(ACTION ITEM) Extract, in full, the lines below, beginning at the first and ending with the line that contains "23325 JURID with". Pictures do not belong in the copy.

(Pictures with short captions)

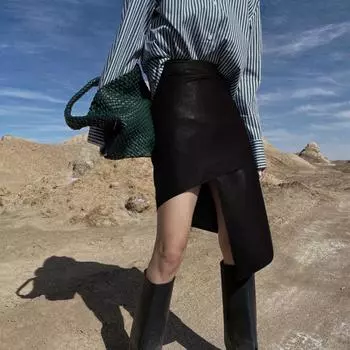 Винтажная кожаная юбка с высокой талией и асимметричным кроем для женщин, идеально подходит для весны XS белый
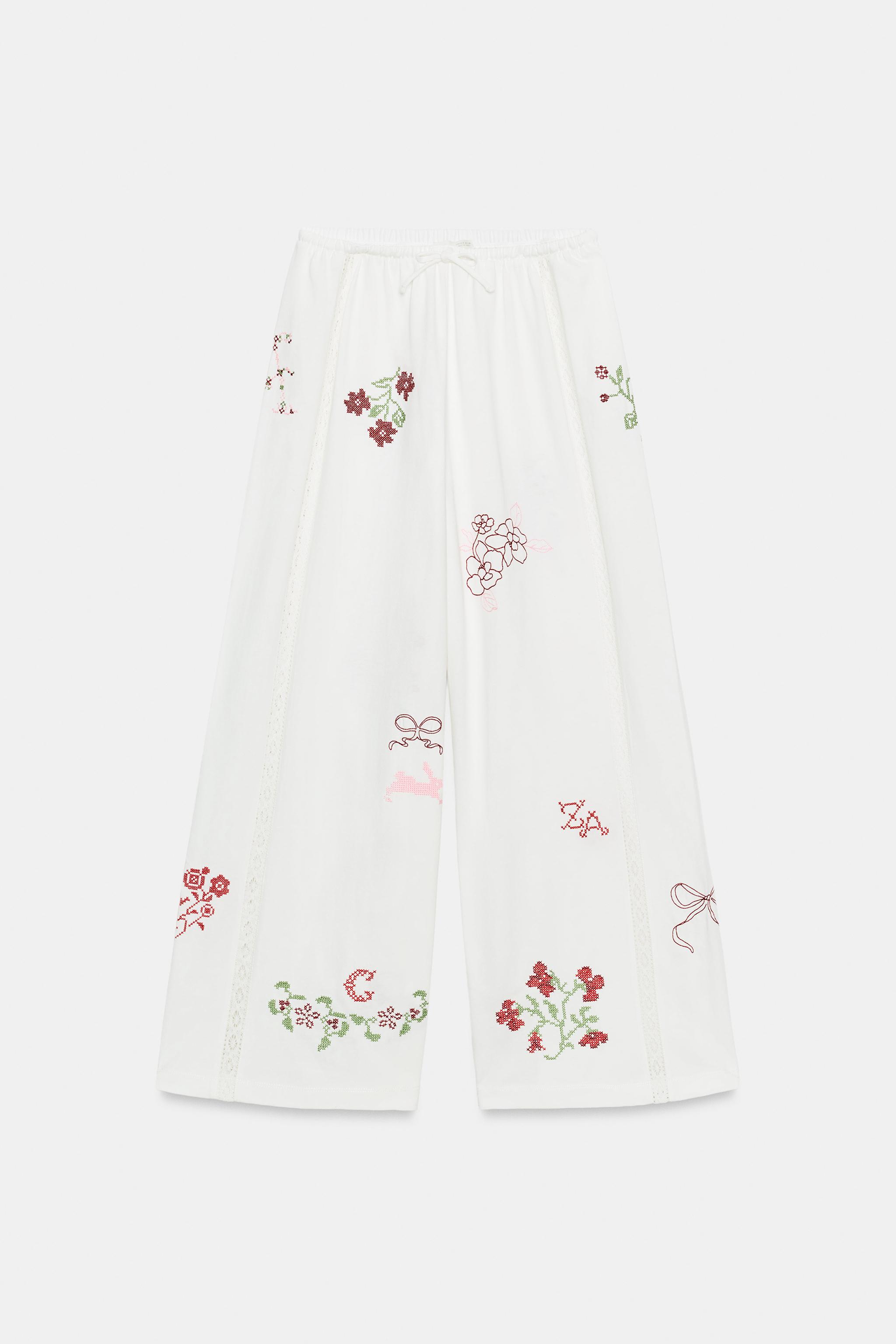 PANTALON LONG BRODÉ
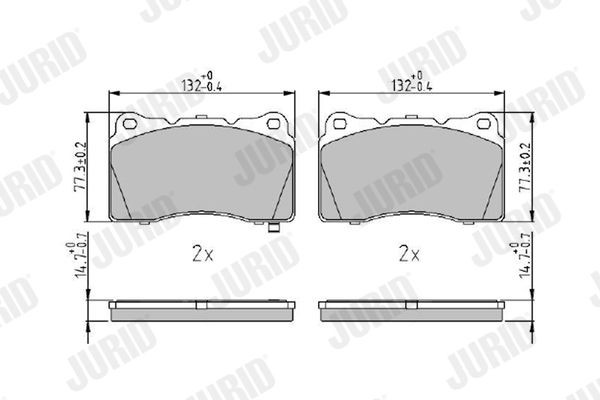 23325 JURID with acoustic wear warning, without accessories Height 1: 77,2mm, Height: 77,2mm, Width: 131,8mm, Thickness: 15,5mm Brake pads 572508J buy
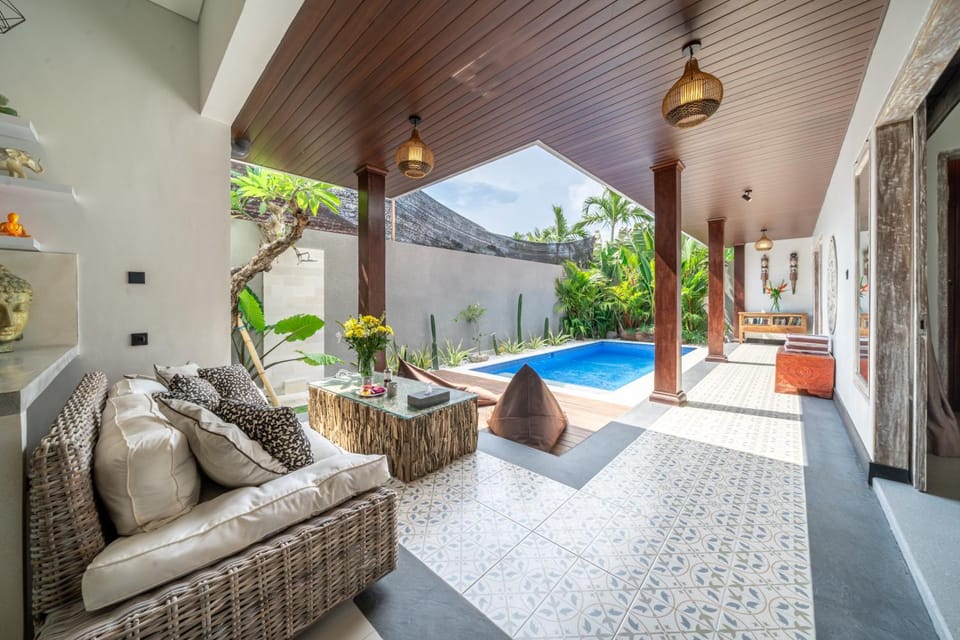 Patio, Living room, Seating area, Pool view, Swimming pool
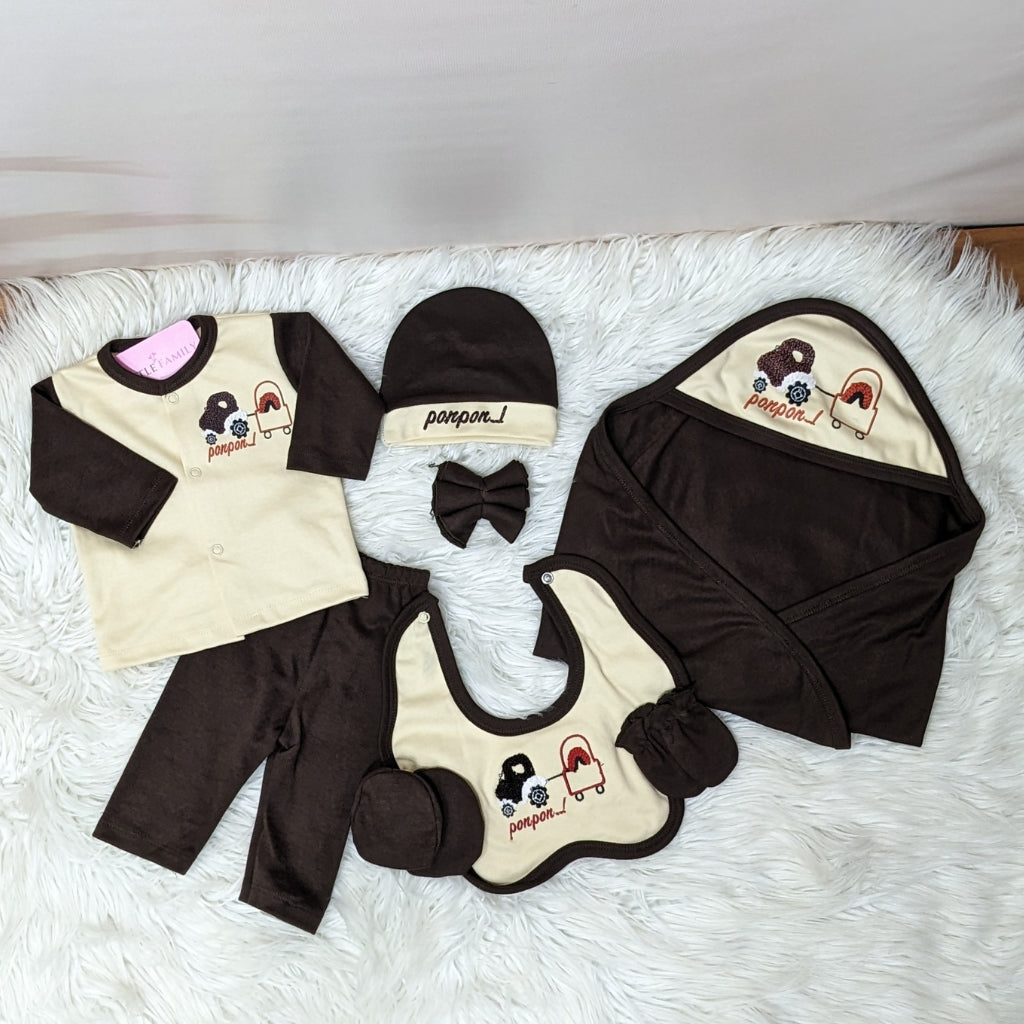 Premium 10 Piece Baby Starter set | Ponpon Theme - Brown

(EXERCISE OUTPUT)
 Винтажная кожаная юбка с высокой талией и асимметричным кроем для женщин, идеально подходит для весны XS белый
 PANTALON LONG BRODÉ
 23325 JURID with acoustic wear warning, without accessories Height 1: 77,2mm, Height: 77,2mm, Width: 131,8mm, Thickness: 15,5mm Brake pads 572508J buy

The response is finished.